O evento ocorreu nas arcadas do Largo de São Francisco e reuniu, segundo os organizadores, cerca de 3 mil pessoas.

Na quarta-feira 10, artistas divulgaram um vídeo com a leitura da carta. Estavam na gravação personalidades como Fernanda Montenegro, Anitta, Chico Buarque, Maria Bethânia, Milton Nascimento, Djavan, Juliette e Caetano Veloso.

Nesta quinta, o manifesto foi lido após uma série de discursos, realizados no salão nobre da faculdade, em que juristas, representantes de movimentos civis, sindicalistas e empresários reafirmaram a confiança no sistema eleitoral, a defesa da democracia e a oposição aos ataques contra as instituições. Trata-se de uma reação às ameaças golpistas do presidente Jair Bolsonaro (PL).

O ato nas dependências formais da USP terminou com a leitura de outra carta, produzida pela Federação Nacional das Indústrias, com teor semelhante ao do documento principal.

Já nas arcadas e no Largo de São Francisco, fora do palco, a cerimônia ganhou tons mais eleitorais. Entre os manifestantes circulavam faixas e bandeiras com alusões a Lula (PT) e críticas a Bolsonaro. No palco, o tom mais protocolar manteve-se na participação de Celso Campilongo, diretor da Faculdade de Direito, que não citou nominalmente o presidente, mas rebateu a ação das Forças Armadas e os ataques ao TSE.

“[O Estado Democrático de Direito prevê] O controle pelas instituições daqueles que têm competência para fazer. No caso das eleições, é o nosso Tribunal Superior Eleitoral. O resto é gente sem competência jurídica e moral para se intrometer no processo eleitoral brasileiro”, disse Campilongo. “A única força que pode dizer algo a respeito do processo eleitoral brasileiro é a força do eleitor, do brasileiro e de ninguém mais.”

O ministro Alexandre de Moraes, próximo presidente do Tribunal Superior Eleitoral, exaltou o ato desta quinta.

“No histórico dia 11/8, a Faculdade de Direito da USP foi palco de importantes atos em defesa do Estado de Direito e das Instituições, reforçando o orgulho na solidez e fortaleza da Democracia e em nosso sistema eleitoral, alicerces essenciais para o desenvolvimento do Brasil”, escreveu o magistrado nas redes sociais. Moraes, um dos alvos preferenciais de Bolsonaro, estará à frente da Justiça Eleitoral durante o pleito de outubro.

Já o ex-ministro do Supremo Tribunal Federal Celso de Mello avalia que a cerimônia representa um “gesto histórico de inequívoco apoio da cidadania ao regime democrático, severa advertência ao presidente Jair Bolsonaro e aos seus epígonos e veemente repulsa à pretensão de mentes sombrias e autocráticas”.

Leia a íntegra da carta:

Carta às brasileiras e aos brasileiros em defesa do Estado Democrático de Direito

Em agosto de 1977, em meio às comemorações do sesquicentenário de fundação dos cursos jurídicos no país, o professor Goffredo da Silva Telles Junior, mestre de todos nós, no território livre do Largo de São Francisco, leu a Carta aos Brasileiros, na qual denunciava a ilegitimidade do então governo militar e o estado de exceção em que vivíamos.
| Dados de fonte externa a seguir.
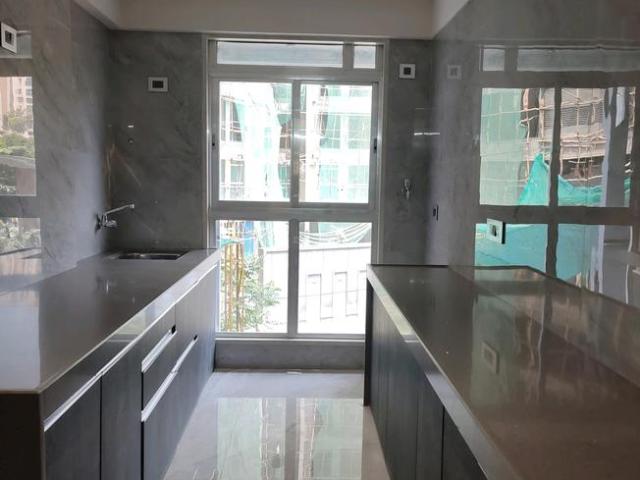 2 BHK Apartment in Mira Road East for resale Mira Bhayandar. The reference number is 16645161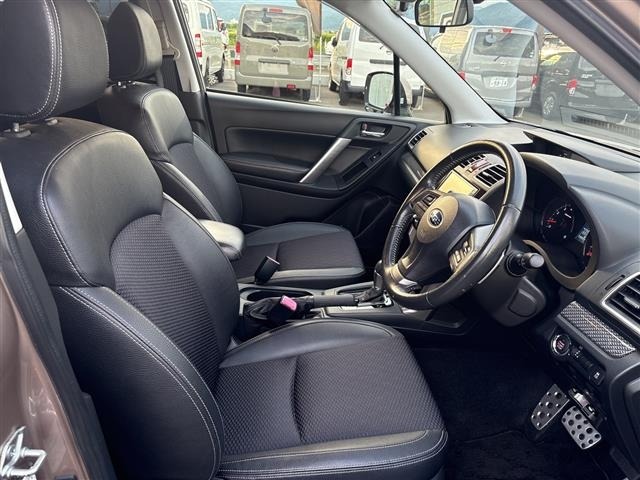 Subaru FORESTER 2015 7427579-7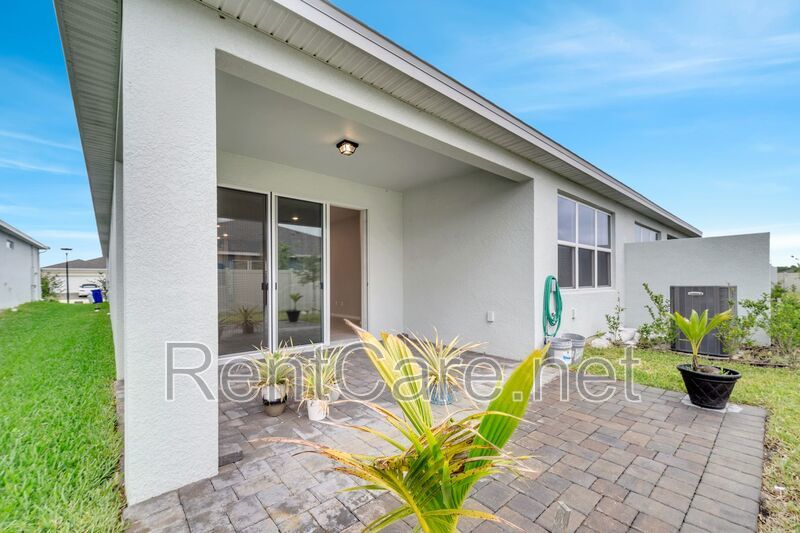 Beautiful 2/2 Villa with Office in Tohoqua in Kissimme a 55 plus community! Available Now! property image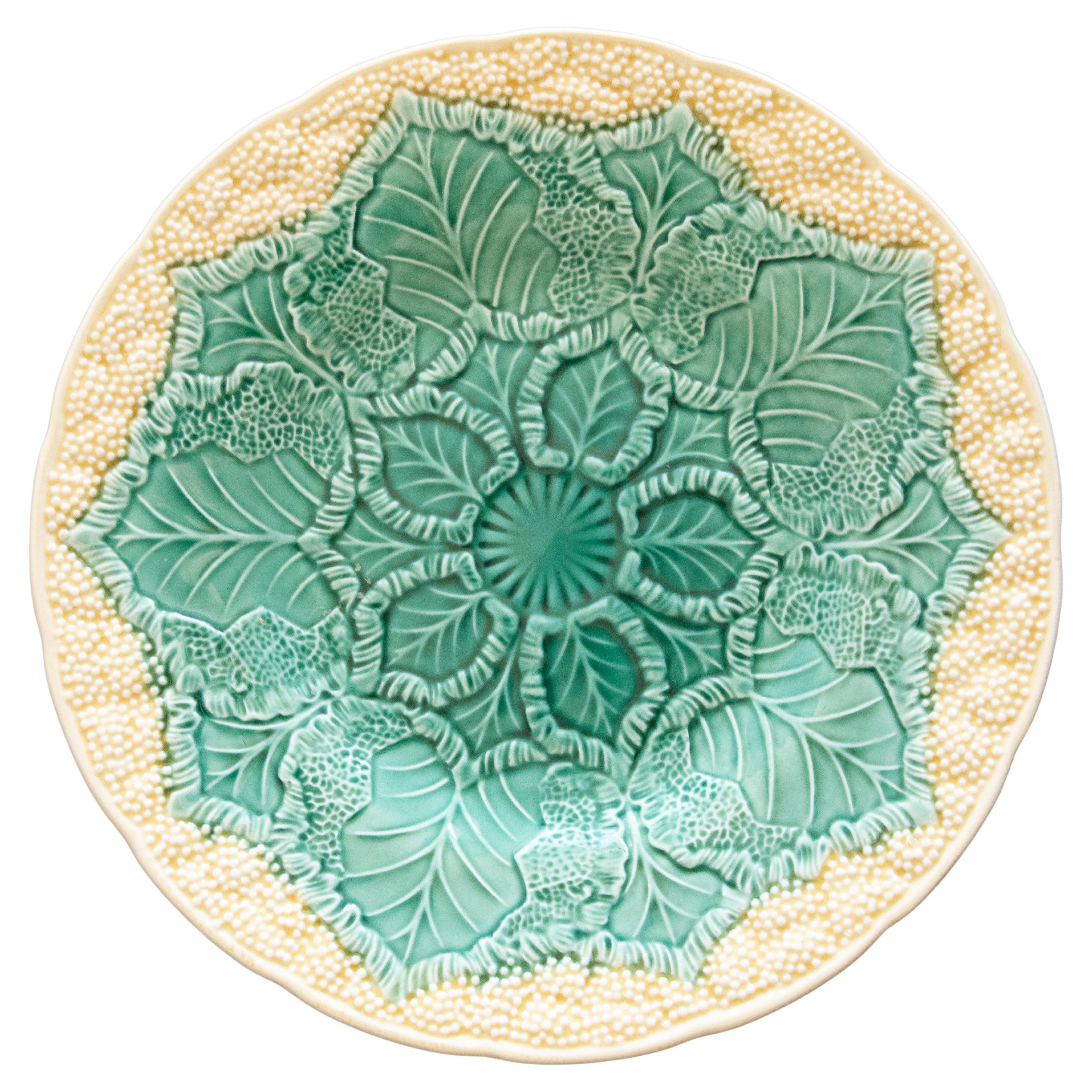 English Wedgwood Majolica Green Cauliflower Plate, Dated 1952 en vente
Conclamava também o restabelecimento do estado de direito e a convocação de uma Assembleia Nacional Constituinte.

A semente plantada rendeu frutos. O Brasil superou a ditadura militar. A Assembleia Nacional Constituinte resgatou a legitimidade de nossas instituições, restabelecendo o estado democrático de direito com a prevalência do respeito aos direitos fundamentais.

Temos os poderes da República, o Executivo, o Legislativo e o Judiciário, todos independentes, autônomos e com o compromisso de respeitar e zelar pela observância do pacto maior, a Constituição Federal.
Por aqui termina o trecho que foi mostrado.